Pulmonary embolism!

GUIDELINES & KEY LITERATURE: 

  • ACP offers best practice advice in the evaluation of acute PE!
  • Wells PE score is designed to help you predict the pretest probability for PE (not diagnosis!) so it should only be used in the presence of clinical suspicion
    • Did you know there’s a Wells score for PE and another for DVT?
    • What may be BETTER than Wells?
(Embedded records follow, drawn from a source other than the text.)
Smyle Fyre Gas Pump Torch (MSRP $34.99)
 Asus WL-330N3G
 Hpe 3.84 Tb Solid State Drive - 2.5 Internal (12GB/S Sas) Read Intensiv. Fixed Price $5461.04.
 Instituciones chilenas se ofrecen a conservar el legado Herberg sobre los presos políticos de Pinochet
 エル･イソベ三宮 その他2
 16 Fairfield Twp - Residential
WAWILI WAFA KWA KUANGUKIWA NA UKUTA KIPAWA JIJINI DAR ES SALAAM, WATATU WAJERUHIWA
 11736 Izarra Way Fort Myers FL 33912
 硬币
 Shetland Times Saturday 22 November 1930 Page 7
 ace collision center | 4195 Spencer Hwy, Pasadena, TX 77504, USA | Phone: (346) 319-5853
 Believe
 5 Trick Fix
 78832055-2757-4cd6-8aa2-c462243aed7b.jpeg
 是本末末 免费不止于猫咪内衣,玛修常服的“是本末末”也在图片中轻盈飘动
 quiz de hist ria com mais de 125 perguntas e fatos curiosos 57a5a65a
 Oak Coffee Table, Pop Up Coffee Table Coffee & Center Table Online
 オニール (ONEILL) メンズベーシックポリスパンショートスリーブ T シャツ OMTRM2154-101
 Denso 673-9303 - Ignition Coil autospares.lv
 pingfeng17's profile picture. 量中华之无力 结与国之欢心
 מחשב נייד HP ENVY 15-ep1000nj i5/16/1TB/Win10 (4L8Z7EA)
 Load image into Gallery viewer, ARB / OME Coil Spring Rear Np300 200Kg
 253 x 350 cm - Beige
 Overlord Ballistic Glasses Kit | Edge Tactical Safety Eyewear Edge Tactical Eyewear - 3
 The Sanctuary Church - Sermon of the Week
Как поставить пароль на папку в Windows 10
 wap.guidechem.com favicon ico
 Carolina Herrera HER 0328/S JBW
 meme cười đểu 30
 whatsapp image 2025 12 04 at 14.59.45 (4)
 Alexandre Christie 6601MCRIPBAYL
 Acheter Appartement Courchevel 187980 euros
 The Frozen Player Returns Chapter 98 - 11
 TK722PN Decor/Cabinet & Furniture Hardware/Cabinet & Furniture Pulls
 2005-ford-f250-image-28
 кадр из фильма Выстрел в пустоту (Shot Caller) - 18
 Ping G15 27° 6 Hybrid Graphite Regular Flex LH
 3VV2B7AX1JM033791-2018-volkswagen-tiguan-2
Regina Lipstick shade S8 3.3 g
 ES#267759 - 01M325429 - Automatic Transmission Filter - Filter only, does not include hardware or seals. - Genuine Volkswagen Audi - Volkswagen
The YEARS algorithm Study!
  • If a patient is low risk by Wells criteria, then “PERC out!”
  • PESI (or the simplified sPESI) classifies 30-day mortality risk in patients with acute PE
  • CHEST guidelines for antithrombotic therapy in VTE disease can help us choose therapy type (including when to give tPA and whether to treat subsegmental PE) and long-term duration, but none of the recommendations are based on high-quality evidence

FUN FACTS!

  • You don’t have to be a radiologist to learn how to read a CT pulmonary angiogram!
  • Approximately 50% of patients with PE have no known risk factors for VTE
  • Reproducible chest pain does NOT rule out PE
  • Fat embolisms from bone marrow necrosis may be the most common cause of acute chest syndrome in adults with sickle cell disease
  • Among patients with COPD exacerbation of unknown cause, 16% had PE.
  • RIH has a PE Response Team (PERT) coordinated by the MICU (see algorithm below, which is also available on Canvas under the RIH page). 

PEARLS!

  • Most PE arise from the proximal veins in the LE, especially the iliac, femoral, and popliteal veins
  • Complete duplex US is the preferred US test for diagnosing DVT. It assesses the deep veins from the inguinal ligament to the ankle with compression performed at 2-cm intervals. 
  • D-dimer increases with age, so use an age-adjusted level for patients ≥50yo by multiplying their age by 10
    • ex: 62yo patient has D-dimer cutoff of 620
  • CT pulmonary angiography is NOT specific for PE–it simply assesses filling defects in the pulmonary vasculature. Filling defects can be seen not only in PE (both acute and chronic) but also with poor patient positioning, inadequate contrast infusion, anatomical defects, and scars. 
  • The majority of VTE can be treated with direct oral anticoagulants (DOACs) including patients with cancer (SELECT-D, Hokusai cancer study).
  • Unprovoked VTE does not warrant cancer work-up (SOME Investigators NEJM 2015).
  • Female patients with first unprovoked VTE who want to discontinue anticoagulation, can be risk stratified using the HERDOO2 calculator (Rodger 2017).

QUESTIONS TO PONDER!

  • What is the difference between massive vs submassive PE? segmental vs subsegmental? provoked vs unprovoked? acute vs subacute vs chronic?
  • What are the risk factors for VTE? Do the risk factors differ in kids? 
  • What ECG findings occur in PE? What is the most common ECG finding? 
  • How does PE lead to cardiac arrest?
  • Are there patient populations or settings in which the Wells DVT/PE scores are not validated? What about the PERC and PESI scores?
  • When should we consider getting a V/Q scan instead of (or in addition to) a CT scan? What patient population is a poor substrate for V/Q?